Here is a little window into the past, a window somewhat cracked and smudged and incomplete.

In August, 1946, about a month after burying his second wife, Grandad put an ad in the newspaper for a housekeeper. I don’t know the exact wording of the ad, but it must have gone something like this: “Housekeeper wanted, must not smoke or drink. Must be able to play piano.” Perhaps other qualifications included good looks and being able to drive a car.  A number of ladies answered the ad and Grandad saved their letters. Why? Did he regard them as love notes from admirers? Somehow these letters survived the years.

This portrait of Grandad was sketched by an itinerant artist during the Depression.

Grandad was 72 and in good health. He still worked his farm and chopped his own wood. He lived to be 97. But based on housekeeping skills I observed when I knew him, the place was probably a mess by the time he placed the ad.

All the envelopes were addressed to Box R-112, Binghamton Press. Was that common practice then or was Grandad being cautious, afraid of gold diggers? He was not a wealthy man, but he lived in a beautiful Victorian house complete with a seldom used parlor that contained a piano and had gingerbread trim in the gables.

What amazes me is that respectable ladies would put themselves in possible harm’s way, willing to go unaccompanied to the home of a man they knew nothing about. In those days, most women were homemakers and had few marketable skills. Once widowed, unless their husbands left them a comfortable sum, they were dependent on the generosity of relatives. The women who answered the ad were in their 40’s and 50’s, not old enough to collect Social Security. A position as a housekeeper would keep starvation at bay.

(Mrs.) Vina Capron of Brooklyn, Pa. wrote, “Dear Sir: I saw your ad in tonight’s Press for a housekeeper and I am writing to apply for the position. I am a widow, 50 years old. Can play a piano and sing.” She gave the location of her home and her phone number.

Mrs. A. Smith “Saw your ad in last night’s Press. I am a widow, neat, nice looking, play the piano and am a good cook. If interested, I’m at 37 Warren St. up stair apartment. I neither smoke nor drink and can drive a car.”

Mable Walker of Endicott, NY wrote, “I do not drink nor smoke. I play piano some. I also play second for a violin. Would like to know more about the job.” She gave her contact information. “I am a middle aged lady… P.S. I have done housework all my life. You can come here, better phone first.” Did she audition for Grandad on the violin? He was musically inclined. I don’t know if he played piano, but he played the fiddle.

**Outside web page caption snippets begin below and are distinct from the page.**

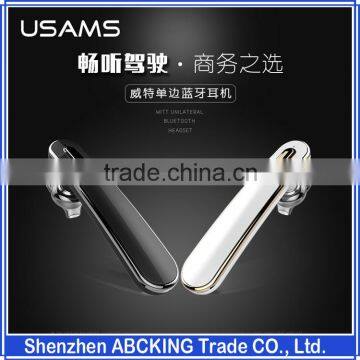 USAMS USAMS WT Series Bluetooth Stereo Headset Sports Earphone Hooks
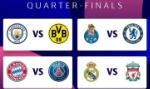 Nhà cái đặt cược vào Chelsea, dù Manchester City vẫn là ứng viên số 1 vô địch Champions League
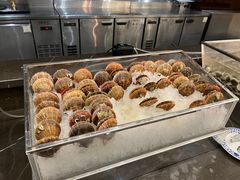 -五洲咖啡厅(五洲大酒店)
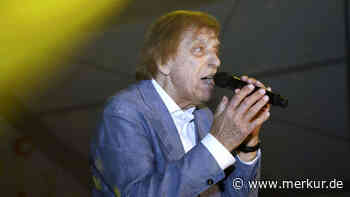 Schlagerstar Bata Illic schlägt neues Lebenskapitel auf: „Im Moment ist es furchtbar“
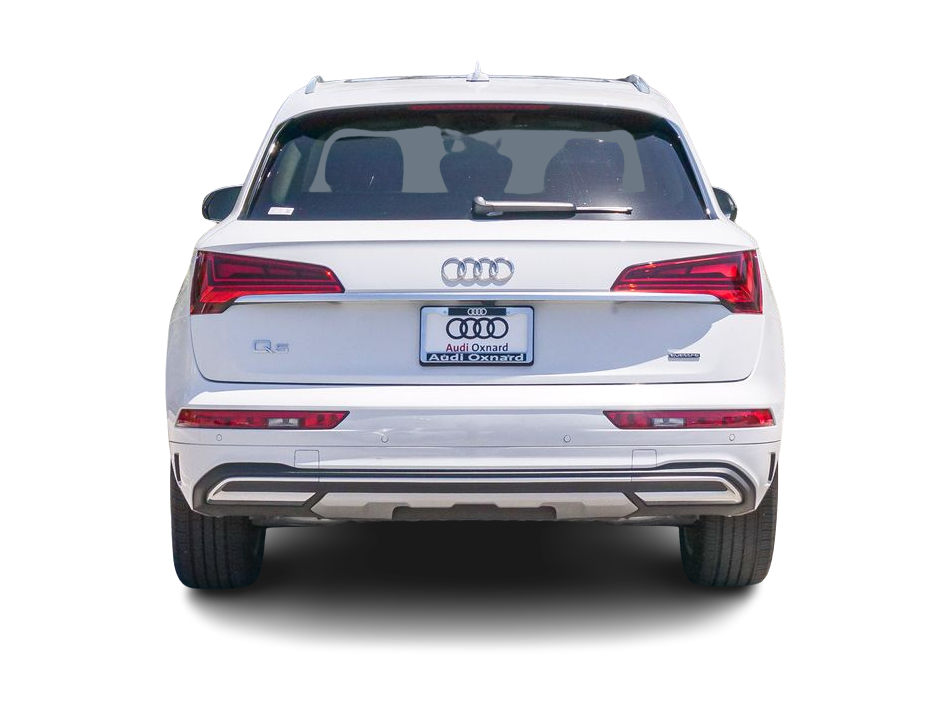 Thumbnail: 2023 Audi Q5 - 3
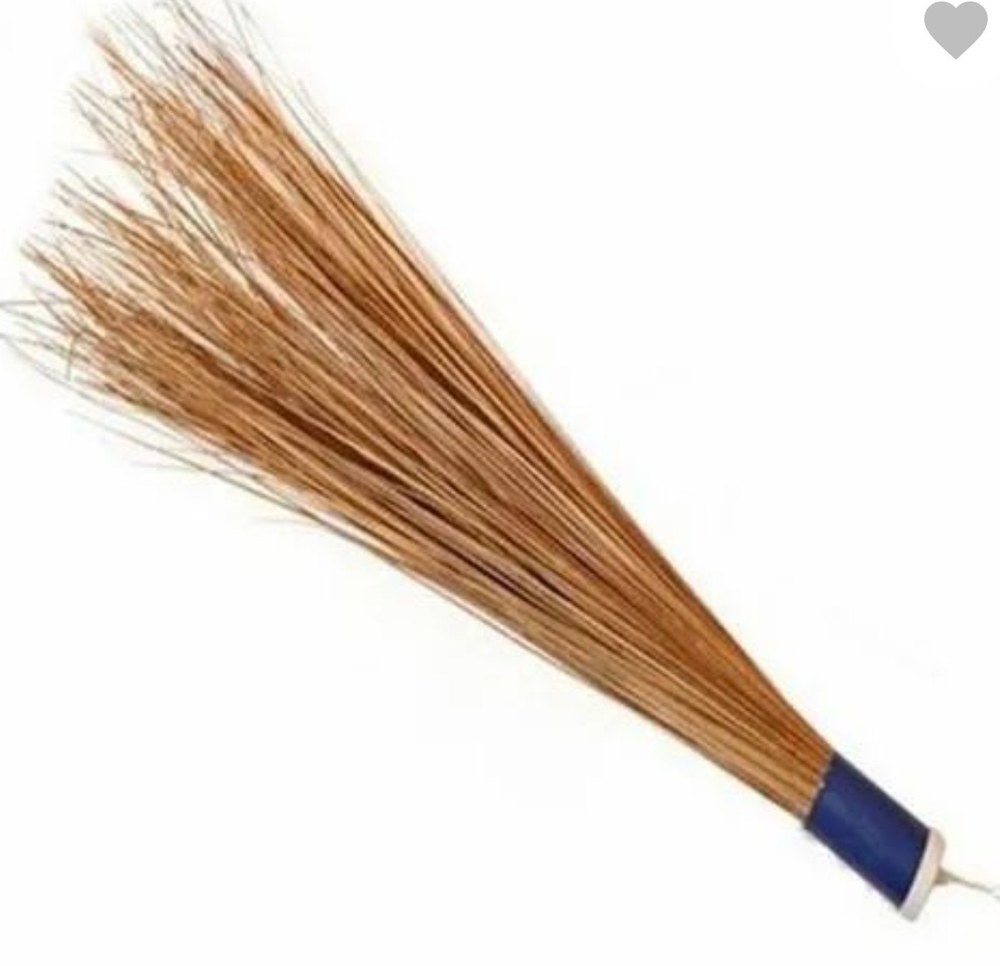 Coconut Broom Sticks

Frances Erekson said, “I do not chew, smoke or drink. But I can play piano. I have since I was four years old… I have a son 19 over sea and a daughter 25… I am looking for a place, either rooms or something similar to your add. I am white and American…49 years of age.” Whether a room was part of the deal or not, I don’t know. Some of these women lived near enough to commute to the job, if they had a car.

Mrs. Lena Fleming’s stationery had a bouquet of flowers in the upper left corner. She wrote, “I am a widow forty-two years of age and don’t smoke or drink as I don’t approve of it. Am a member of the M.E. Church. Am fairly good looking and have a nice personality. Cannot play the piano but would be willing to learn.”

Letter from Lena Fleming

Blanche Page “read your add. It attracted my attention. No smoking or drinking. Maybe no drinking on your part.” (She sounds a little suspicious.) “I used to play the Piano, but haven’t had much time for it lately.” She gave her address and phone number but “If by chance you would like to talk things over, I could meet you at the Y.W.C.A… Due to conditions I hardly know what I want to do myself. I am a widow. Have a home… Can you drive a car? Well, I can if it will go. My troubles are when it won’t go.”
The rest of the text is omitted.